[DIRECTIONS]
After finding "FLAC Hosni Chahin" in the data, write out its line and all following lines without change, up to and including the last one. Leave out pictures.

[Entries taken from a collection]
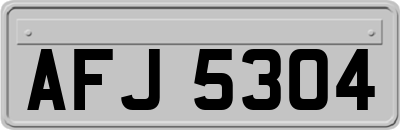 AFJ5304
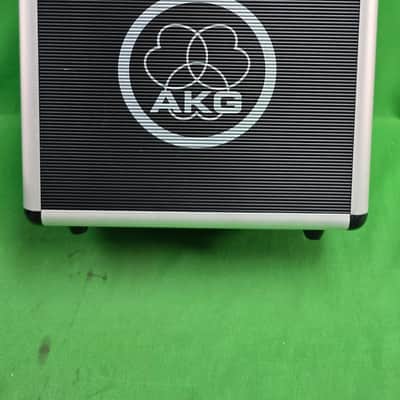 AKG Perception 220 - Silver Tested image 3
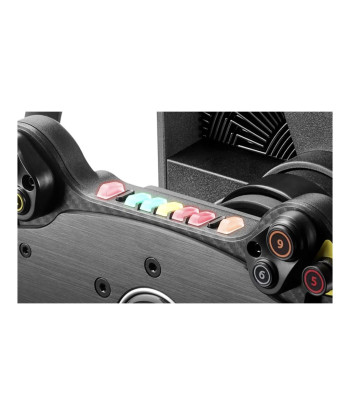Thrustmaster EVO Racing 31U Leather nahkrool koos rummuga
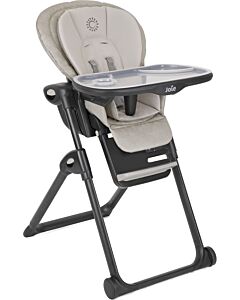 Joie: Mimzy™ Recline Highchair - Speckled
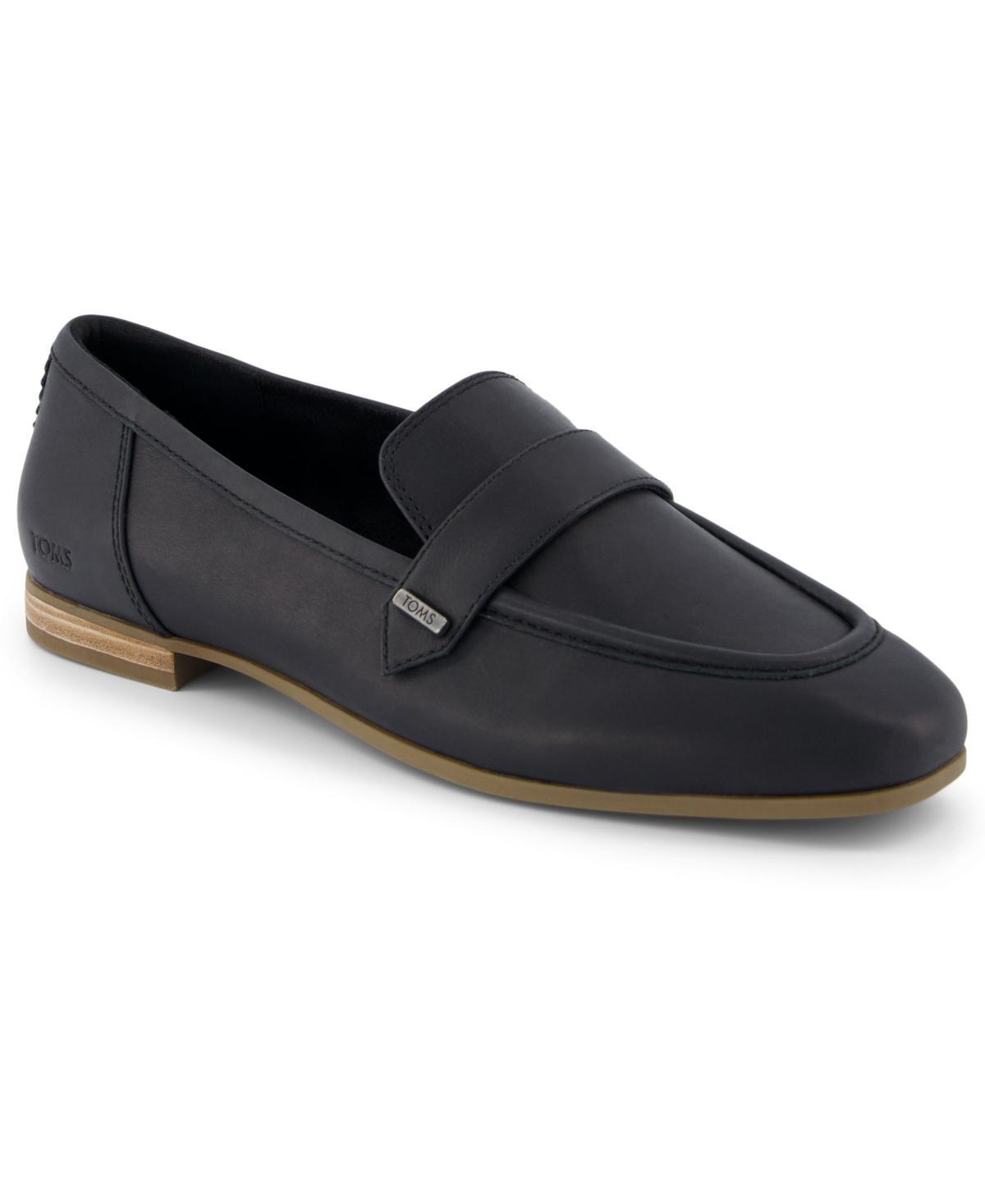 Toms Womens Lynette Loafer Product Image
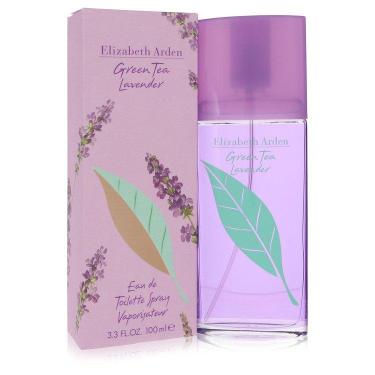 Imagem de Perfume Feminino Green Tea Lavender Elizabeth Arden 100 ML Eau De Toilette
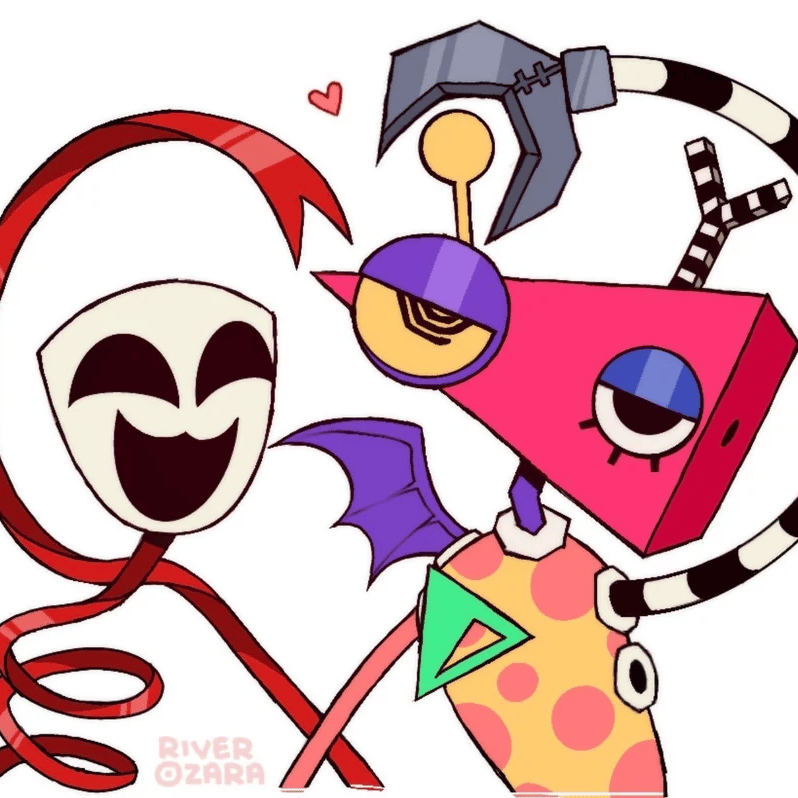 MismatchRibbon profile picture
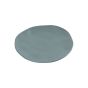 Πιάτο Ρηχό 22cm Stoneware Estia Home Art Mare Teal 07-20514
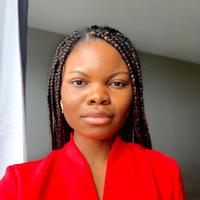 Aije Egwaikhide Aije Egwaikhide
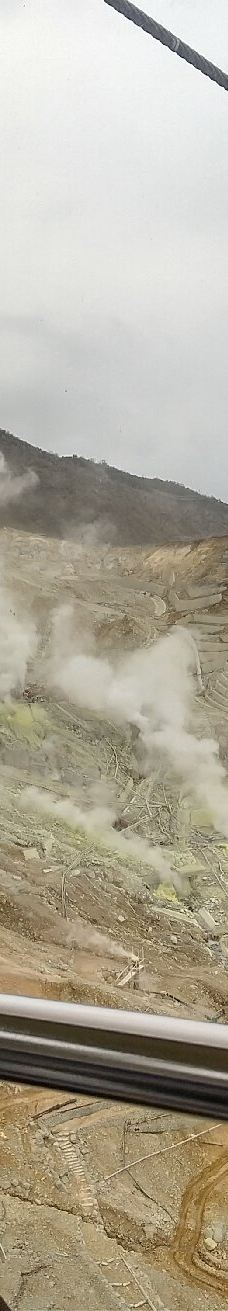 箱根空中缆车-箱根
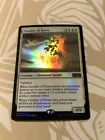 Cavalier of Dawn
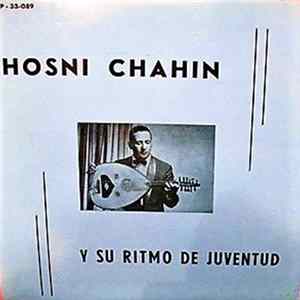 FLAC Hosni Chahin - Hosni Chahin Y Su Ritmo De Juventud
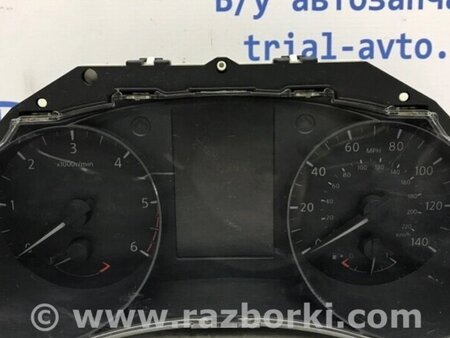 ФОТО Панель приладів для Nissan Qashqai (07-14) Киев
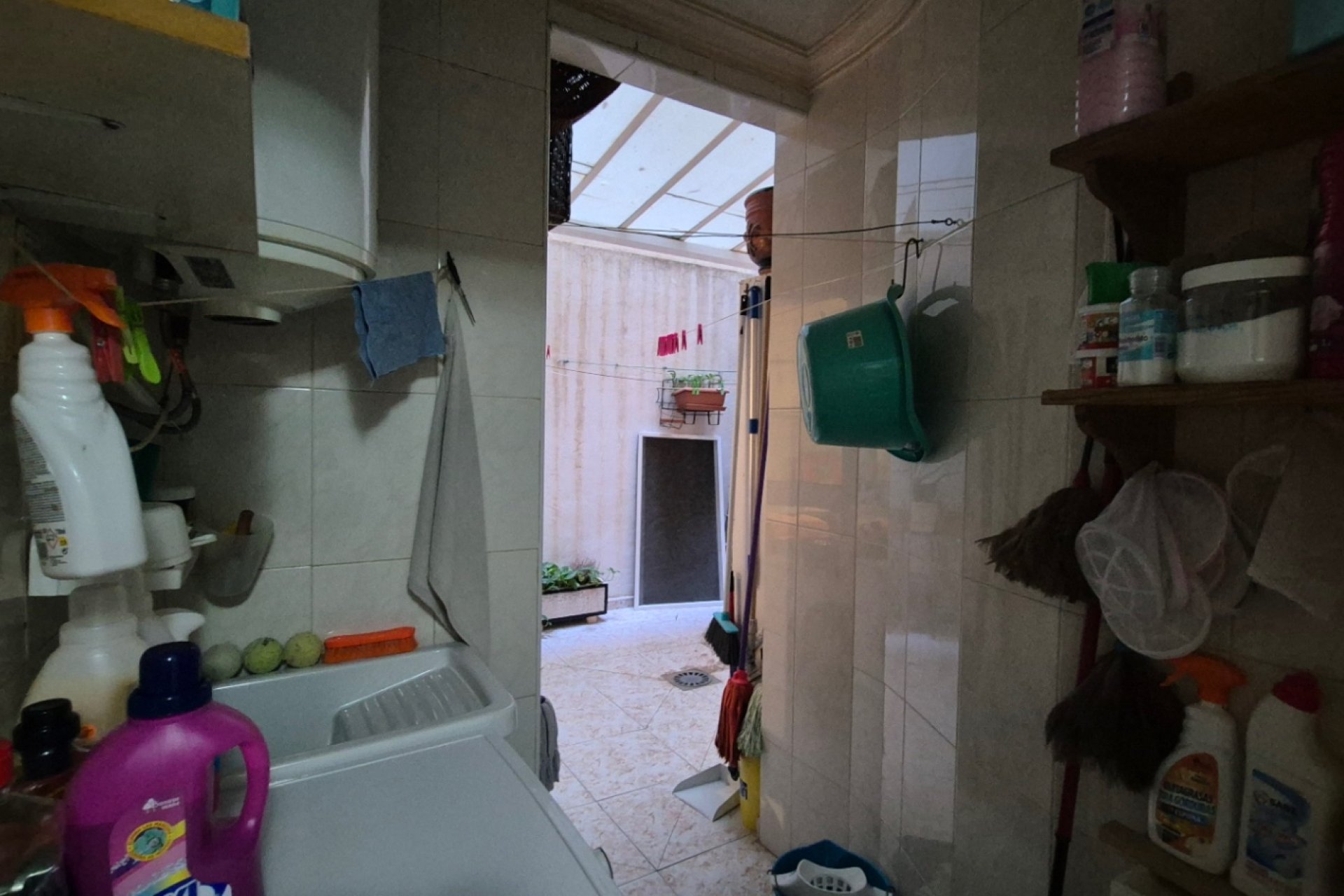 Reventa - Apartment -
Torrevieja - Costa Blanca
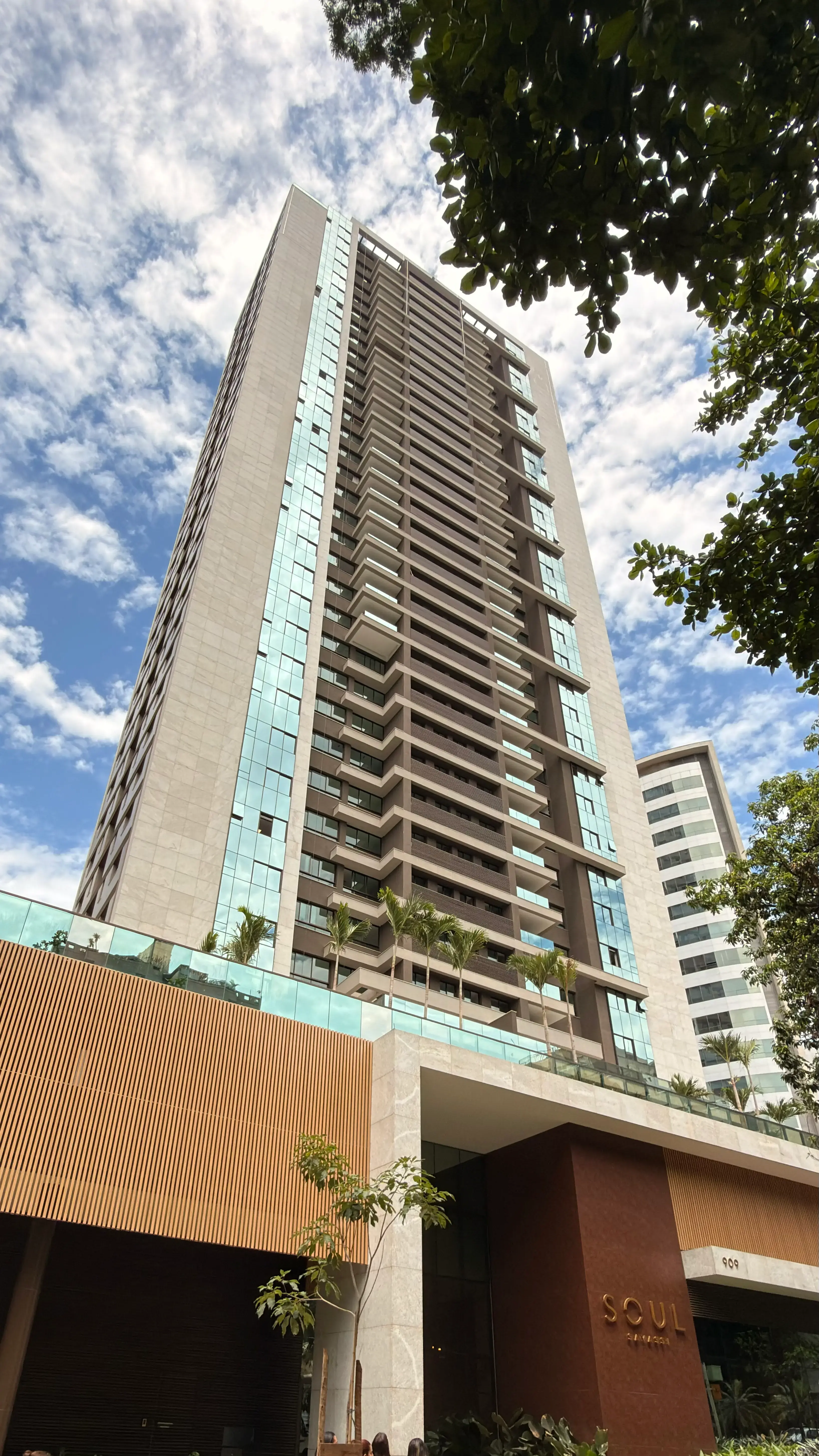 Imagem 1 - Apartamento Garden em Savassi, Belo Horizonte - MG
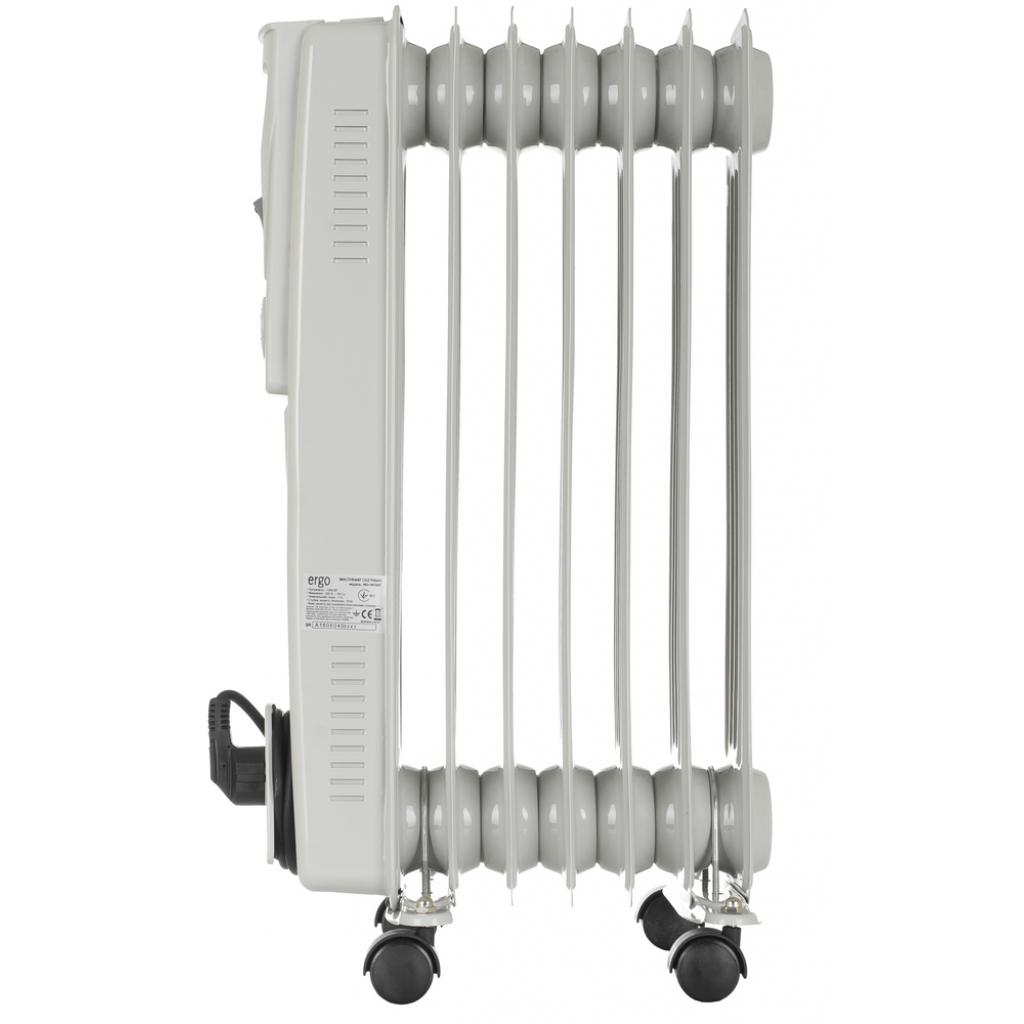 Обігрівач Ergo HO 191507 - зображення 5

[TASK RESULT]
 FLAC Hosni Chahin - Hosni Chahin Y Su Ritmo De Juventud
 ФОТО Панель приладів для Nissan Qashqai (07-14) Киев
 Reventa - Apartment -
Torrevieja - Costa Blanca
 Imagem 1 - Apartamento Garden em Savassi, Belo Horizonte - MG
 Обігрівач Ergo HO 191507 - зображення 5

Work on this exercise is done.